Dikotomi bahasa dialek dengan bahasa baku tidak merujuk kepada pembedaan antara kasar dan halusnya bahasa, tetapi lebih kepada pembedaan fungsinya sebagai sarana komunikasi. Dengan demikian, apa yang disebut bahasa Jawa “baku” sama sekali tidak menunjukkan bahwa dirinya lebih bergengsi daripada bahasa Tegal; atau dengan kata lain bahasa Tegal sejajar kedudukannya dengan bahasa Jawa “baku”. Dengan sendirinya konsep “baku” berlaku juga dalam bahasa Tegal.

Dibandingkan dengan bahasa Jawa dan bahasa Indonesia, bahasa Tegal memiliki keunikan pada tataran fonetis-fonologis, morfologi, dan sintaksis. Sebagai salah satu varian bahasa Jawa, bahasa Tegal bercirikan demokratik dan egaliter sehingga mampu mengekpresikan gagasan, filosofi, dan kearifan budaya Tegal.

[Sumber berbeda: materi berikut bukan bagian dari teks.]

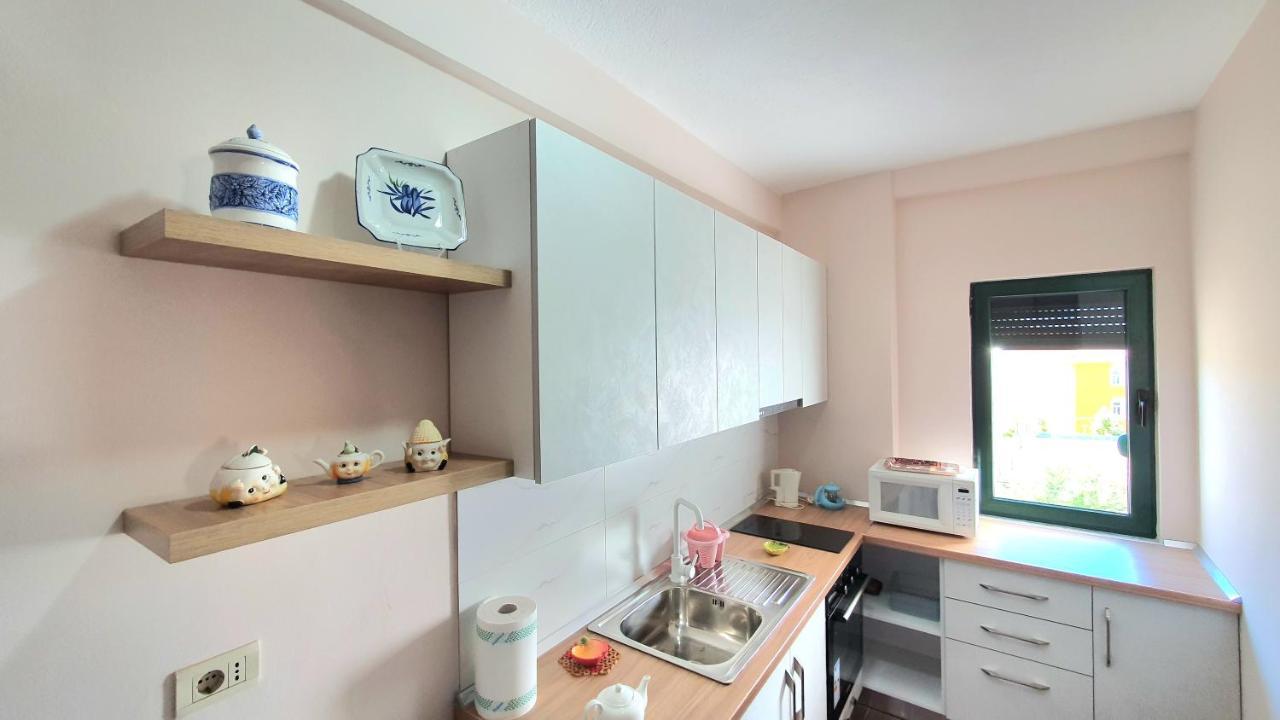 Star Apartment Tirana Eksteriør billede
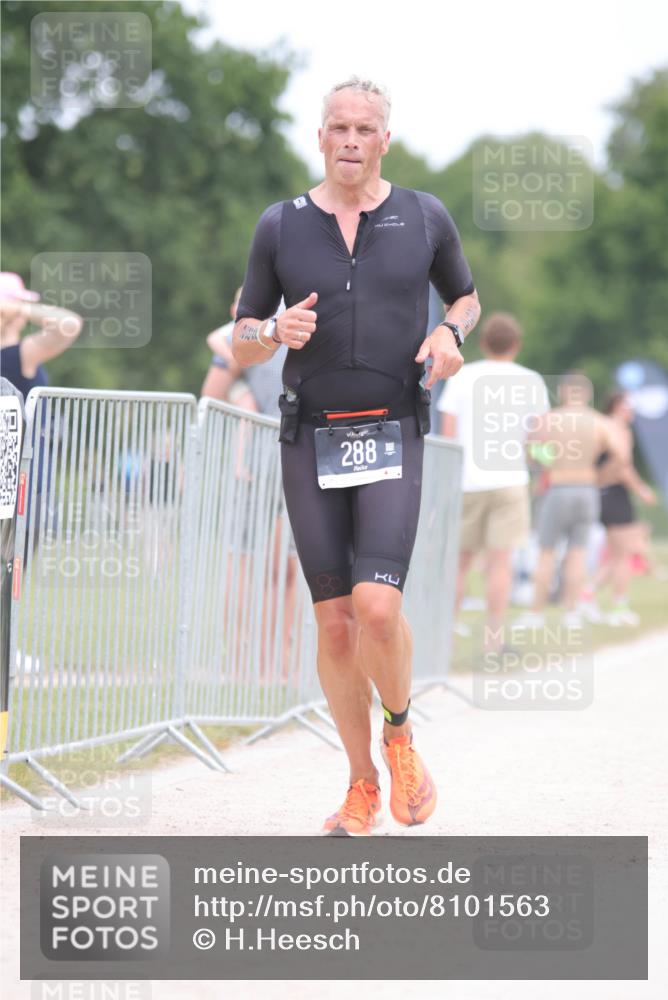 22.06.2025 - Viking Triathlon H.Heesch http://msf.ph/oto/8101563 22.06.2025 13:36:07 Laufen 87, 288, 641 meine-sportfotos.de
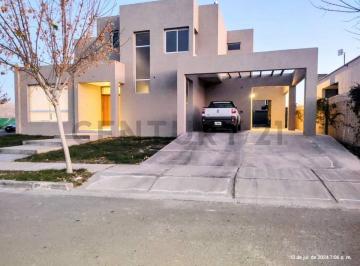 Casa · 310m² · 4 Ambientes · Casa en Venta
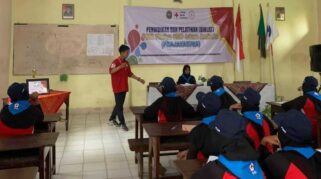 diklat pmr smp islam ambulu jember
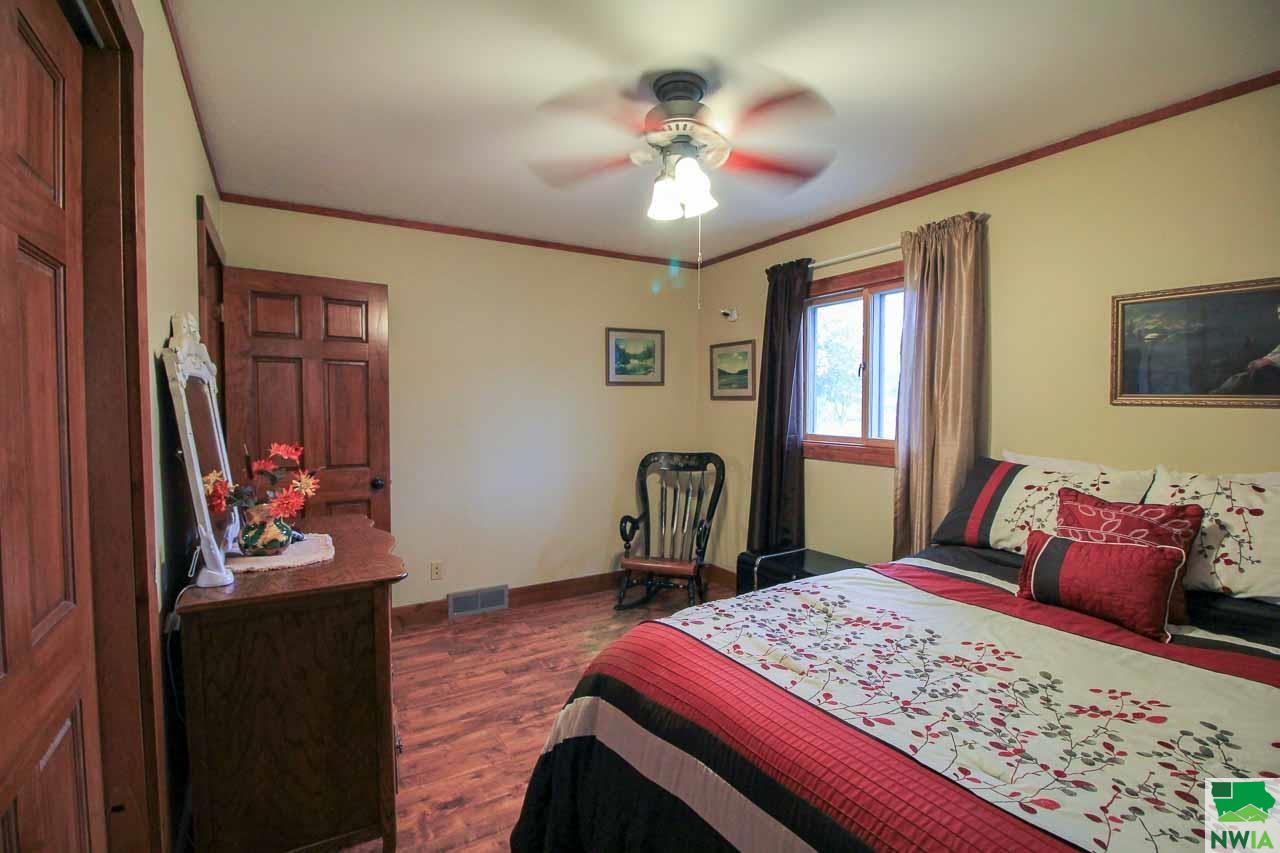 MLS #825747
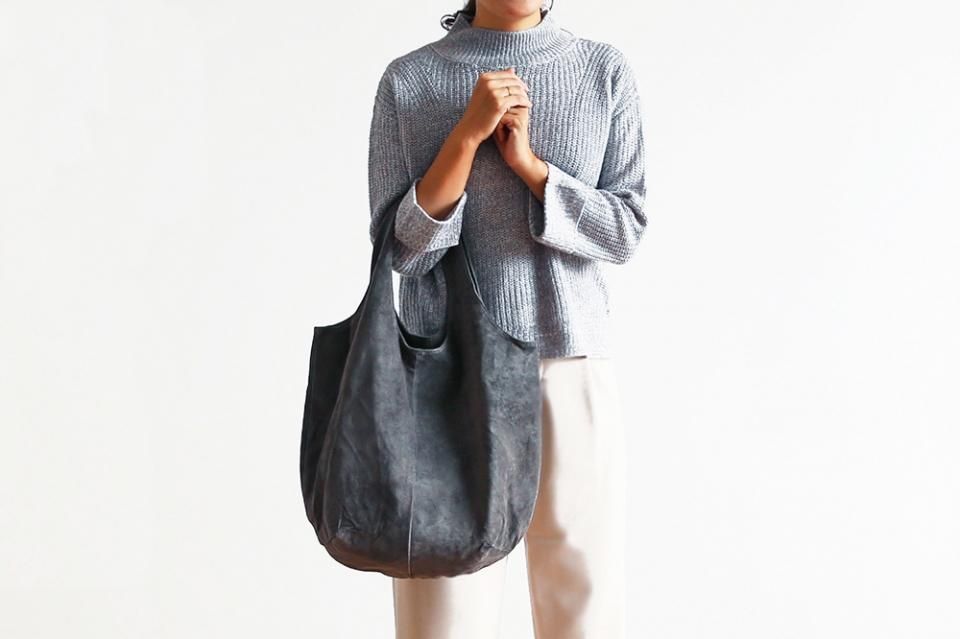 取り扱い終了】leatheria/washable ドロップトートバッグ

Penggunaan bahasa Tegal di dalam ranah sastra dan seni pertunjukan, telah meningkatkan apresiasi dan keberminatan masyarakat luas terhadap keunikan karakteristik bahasa, seni, budaya dan sejarah Tegal.

Bahasa Tegal dalam perkembangan terakhir ini tengah mengalami krisis yang membentang sejak tataran mental-kognitif hingga dimensi sosial dan material kebudayaan manusia Tegal. Penyebab krisis berkisar pada aspek politik (kelangkaan kebijakan pemuliaan bahasa Tegal), budaya (serangan nilai dan “jiwa” budaya modernitas dengan kehebatan industri informasi sebagai andalan infiltrasinya), structural-institusional (kelangkaan lembaga dan ikhtiar yang serius untuk membudayakan bahasa Tegal secara seistemik, sistematik, dan terencana).

Ketiga, kehendak mengangkat citra bahasa Tegal di tengah pergaulan bangsa, harus dipahami sebagai gerakan kultural dan tanggung jawab kolektif pemangku bahasa Tegal dalam kerangka revitalisasi fungsi dan pemuliaan bahasa Tegal. Gerakan tersebut selain merupakan bagian dari kesadaran masyarakat dunia (UNESCO menetapkan tanggal 21 Februari sebagai Hari Bahasa Ibu Internasional; paradigma pluralisme dalam bingkai budaya global), juga diabsahkan oleh sejumlah produk hukum antara lain:  

Negara menghormati dan memelihara bahasa daerah sebagai kekayaan budaya nasional  (UUD 1945, pasal 32 ayat [2]. Bahasa yang secara linguistik disebut dialek,termasuk bahasa daerah juga, dan karenanya termasuk sebagian dari kebudayaan Indonesia yang hidup sebagaimana dimaksudkan oleh penjelasan pasal 36. Konsep “negara” berarti Pemerintah Pusat, Pemerintah Propinsi, Pemerintah Kota/Kabupaten (Pengembangan bahasa dan budaya daerah, diatur pula dalam UU Otonomi Daerah).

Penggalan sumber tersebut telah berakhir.